Gonzalo Pereira

Personal information
- Full name: Gonzalo Pereira Cejudo
- Date of birth: 14 February 1997 (age 29)
- Place of birth: Barcelona, Spain
- Height: 1.80 m (5 ft 11 in)
- Position: Centre back

Team information
- Current team: Cornellà

Youth career
- Damm
- 2012–2016: Espanyol
- 2014–2016: → Damm (loan)

Senior career*
- Years: Team / Apps / (Gls)
- 2016–2017: Sabadell B / 31 / (1)
- 2017–2018: Reus B / 26 / (2)
- 2018–2019: Reus / 10 / (0)
- 2019: Calahorra / 10 / (0)
- 2019–2020: Levante B / 21 / (1)
- 2019: Levante / 1 / (0)
- 2020–2021: Peña Deportiva / 17 / (1)
- 2021–2022: Águilas / 4 / (0)
- 2022: Peña Deportiva / 18 / (1)
- 2022–2023: Olot / 29 / (0)
- 2023–2024: Peña Deportiva / 29 / (1)
- 2024–2025: Badalona / 30 / (1)
- 2025–: Cornellà / 10 / (0)

= Gonzalo Pereira =

Spanish footballer

Gonzalo Pereira Cejudo (born 14 February 1997), sometimes known simply as Gonzalo, is a Spanish footballer who plays for Tercera Federación club Cornellà as a central defender.

==Club career==
Born in Barcelona, Catalonia, Pereira finished his formation with CF Damm. On 15 July 2016, he joined CE Sabadell FC and was assigned to the reserves in Tercera División.

In August 2017, Pereira moved to another reserve team, CF Reus Deportiu B also in the fourth level.
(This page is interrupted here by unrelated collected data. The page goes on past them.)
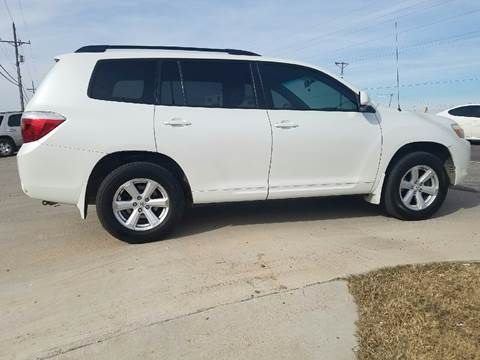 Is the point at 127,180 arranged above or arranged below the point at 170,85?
below

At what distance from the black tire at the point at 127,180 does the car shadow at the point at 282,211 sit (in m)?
0.29

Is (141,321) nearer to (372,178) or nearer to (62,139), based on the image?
(62,139)

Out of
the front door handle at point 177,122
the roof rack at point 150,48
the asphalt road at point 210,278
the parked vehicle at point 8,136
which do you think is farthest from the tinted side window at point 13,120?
the front door handle at point 177,122

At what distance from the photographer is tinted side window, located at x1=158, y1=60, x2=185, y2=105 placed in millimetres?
4602

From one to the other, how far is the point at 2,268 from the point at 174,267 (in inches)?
62.5

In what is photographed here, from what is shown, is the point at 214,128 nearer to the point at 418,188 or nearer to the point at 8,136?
the point at 418,188

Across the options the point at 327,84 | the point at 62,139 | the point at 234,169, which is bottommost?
the point at 234,169

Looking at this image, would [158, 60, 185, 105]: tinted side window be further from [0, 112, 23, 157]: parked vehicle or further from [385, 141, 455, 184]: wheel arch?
[0, 112, 23, 157]: parked vehicle

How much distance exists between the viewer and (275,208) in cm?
589

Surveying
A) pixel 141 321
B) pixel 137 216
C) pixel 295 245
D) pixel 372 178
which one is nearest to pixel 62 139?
pixel 137 216

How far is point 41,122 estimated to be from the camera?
4270 mm

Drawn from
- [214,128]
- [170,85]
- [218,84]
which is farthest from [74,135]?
[218,84]

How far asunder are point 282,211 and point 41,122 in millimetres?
2894

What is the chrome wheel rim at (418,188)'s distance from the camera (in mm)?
5277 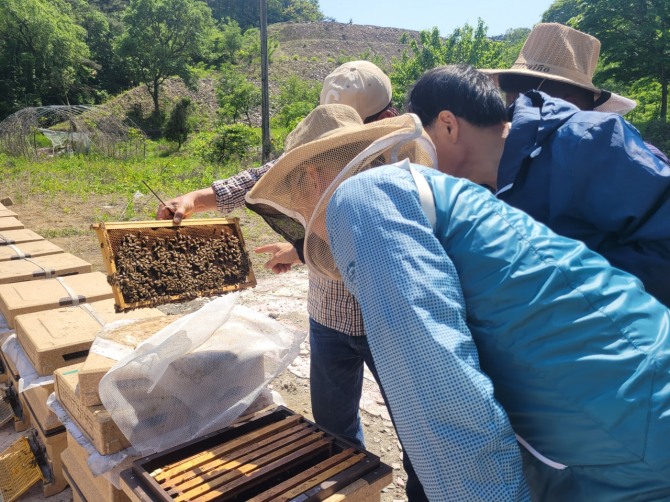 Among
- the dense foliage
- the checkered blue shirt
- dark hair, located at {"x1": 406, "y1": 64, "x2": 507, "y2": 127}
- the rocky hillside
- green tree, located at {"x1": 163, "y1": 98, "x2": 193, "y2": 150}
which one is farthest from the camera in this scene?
the rocky hillside

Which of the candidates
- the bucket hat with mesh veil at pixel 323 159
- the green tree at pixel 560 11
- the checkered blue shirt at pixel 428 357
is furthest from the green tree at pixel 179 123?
the green tree at pixel 560 11

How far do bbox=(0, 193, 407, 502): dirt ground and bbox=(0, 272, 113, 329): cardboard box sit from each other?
0.88m

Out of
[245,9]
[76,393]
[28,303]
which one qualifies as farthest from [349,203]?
[245,9]

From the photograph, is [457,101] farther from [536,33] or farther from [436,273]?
[536,33]

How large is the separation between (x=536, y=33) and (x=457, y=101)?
48.4 inches

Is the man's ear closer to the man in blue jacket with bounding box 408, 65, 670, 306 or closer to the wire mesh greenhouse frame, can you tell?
the man in blue jacket with bounding box 408, 65, 670, 306

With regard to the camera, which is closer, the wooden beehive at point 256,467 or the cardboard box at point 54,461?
the wooden beehive at point 256,467

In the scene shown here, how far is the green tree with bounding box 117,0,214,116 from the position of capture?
34938 mm

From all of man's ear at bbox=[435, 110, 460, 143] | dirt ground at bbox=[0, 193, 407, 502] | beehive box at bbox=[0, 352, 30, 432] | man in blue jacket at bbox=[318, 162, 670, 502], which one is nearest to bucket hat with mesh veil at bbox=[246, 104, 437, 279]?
man's ear at bbox=[435, 110, 460, 143]

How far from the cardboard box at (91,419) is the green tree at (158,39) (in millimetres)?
35827

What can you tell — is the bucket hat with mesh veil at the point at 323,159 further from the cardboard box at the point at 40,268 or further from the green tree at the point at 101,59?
the green tree at the point at 101,59

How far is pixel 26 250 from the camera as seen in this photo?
4141 millimetres

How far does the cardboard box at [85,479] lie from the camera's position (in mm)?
1874

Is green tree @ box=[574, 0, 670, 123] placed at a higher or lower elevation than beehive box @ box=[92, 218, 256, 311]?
higher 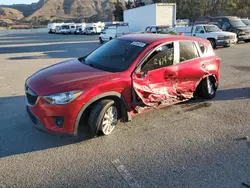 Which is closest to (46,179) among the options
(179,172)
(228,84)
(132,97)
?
(179,172)

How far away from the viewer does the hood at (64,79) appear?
3.76 meters

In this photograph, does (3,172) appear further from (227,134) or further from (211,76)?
(211,76)

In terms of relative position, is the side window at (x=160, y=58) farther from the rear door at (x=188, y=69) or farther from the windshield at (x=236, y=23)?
the windshield at (x=236, y=23)

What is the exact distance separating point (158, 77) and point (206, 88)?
6.04 feet

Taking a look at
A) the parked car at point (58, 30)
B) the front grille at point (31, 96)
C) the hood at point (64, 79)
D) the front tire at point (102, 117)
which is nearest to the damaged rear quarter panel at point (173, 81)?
the front tire at point (102, 117)

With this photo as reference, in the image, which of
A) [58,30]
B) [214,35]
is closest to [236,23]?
[214,35]

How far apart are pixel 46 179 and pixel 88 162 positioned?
2.00ft

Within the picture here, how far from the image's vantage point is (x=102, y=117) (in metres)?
3.98

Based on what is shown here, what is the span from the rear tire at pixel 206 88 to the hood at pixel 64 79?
2745 mm

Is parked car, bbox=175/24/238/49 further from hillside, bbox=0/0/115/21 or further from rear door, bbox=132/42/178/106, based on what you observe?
hillside, bbox=0/0/115/21

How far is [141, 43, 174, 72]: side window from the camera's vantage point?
15.0 feet

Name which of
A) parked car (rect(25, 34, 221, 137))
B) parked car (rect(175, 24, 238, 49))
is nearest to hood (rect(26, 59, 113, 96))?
parked car (rect(25, 34, 221, 137))

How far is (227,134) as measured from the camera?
14.2ft

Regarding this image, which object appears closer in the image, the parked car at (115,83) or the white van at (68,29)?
the parked car at (115,83) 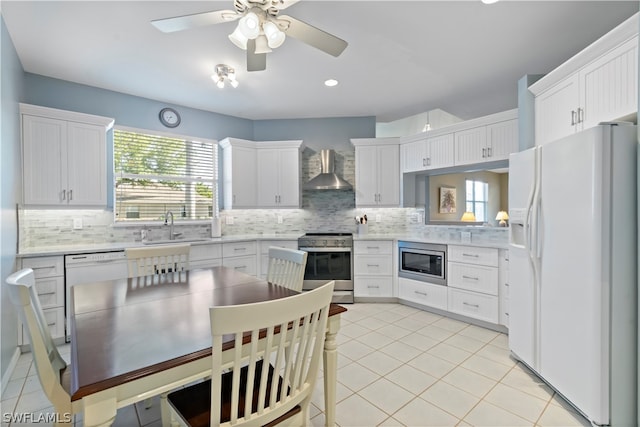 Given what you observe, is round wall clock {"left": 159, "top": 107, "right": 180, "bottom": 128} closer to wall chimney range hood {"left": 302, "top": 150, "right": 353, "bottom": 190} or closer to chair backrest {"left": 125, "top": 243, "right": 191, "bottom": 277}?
wall chimney range hood {"left": 302, "top": 150, "right": 353, "bottom": 190}

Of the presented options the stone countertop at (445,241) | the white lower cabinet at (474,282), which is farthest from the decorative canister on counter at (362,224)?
the white lower cabinet at (474,282)

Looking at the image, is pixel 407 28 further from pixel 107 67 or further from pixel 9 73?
pixel 9 73

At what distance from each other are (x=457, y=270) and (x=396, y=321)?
3.02 ft

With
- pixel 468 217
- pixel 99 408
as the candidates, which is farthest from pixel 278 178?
pixel 99 408

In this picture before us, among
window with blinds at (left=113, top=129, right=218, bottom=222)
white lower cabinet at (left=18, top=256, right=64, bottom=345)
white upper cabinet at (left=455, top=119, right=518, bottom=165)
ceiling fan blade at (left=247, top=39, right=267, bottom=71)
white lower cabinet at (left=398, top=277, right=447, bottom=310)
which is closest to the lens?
ceiling fan blade at (left=247, top=39, right=267, bottom=71)

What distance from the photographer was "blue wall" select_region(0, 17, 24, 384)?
2.25m

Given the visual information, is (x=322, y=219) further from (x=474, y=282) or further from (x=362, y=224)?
(x=474, y=282)

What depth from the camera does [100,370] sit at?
3.14ft

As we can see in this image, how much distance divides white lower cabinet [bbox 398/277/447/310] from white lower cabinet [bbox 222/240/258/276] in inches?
80.1

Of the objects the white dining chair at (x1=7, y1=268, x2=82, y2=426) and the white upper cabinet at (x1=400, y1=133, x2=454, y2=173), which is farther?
the white upper cabinet at (x1=400, y1=133, x2=454, y2=173)

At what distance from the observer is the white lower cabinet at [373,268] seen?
4129mm

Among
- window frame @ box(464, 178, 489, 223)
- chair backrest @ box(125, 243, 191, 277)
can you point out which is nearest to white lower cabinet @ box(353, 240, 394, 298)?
window frame @ box(464, 178, 489, 223)

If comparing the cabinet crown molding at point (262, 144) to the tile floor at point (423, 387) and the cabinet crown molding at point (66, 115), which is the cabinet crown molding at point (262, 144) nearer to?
the cabinet crown molding at point (66, 115)

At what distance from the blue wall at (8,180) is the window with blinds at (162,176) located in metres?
1.02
He made his first-team debut on 19 August, coming on as a first-half substitute for injured Mikel Villanueva in a 0–2 away loss against UD Las Palmas.

Pereira was regularly utilized in the first team during the first half of the 2018–19 season, but the side was expelled by the LFP in January. On 20 February 2019, he was presented at CD Calahorra in Segunda División B.

On 18 March 2019, Pereira agreed to a pre-contract deal with Levante UD, effective as of 1 July; he was initially assigned to the B-team also in the third division. He made his first team – and La Liga – debut on 7 December, playing the last 13 minutes in a 2–4 home loss against Valencia CF.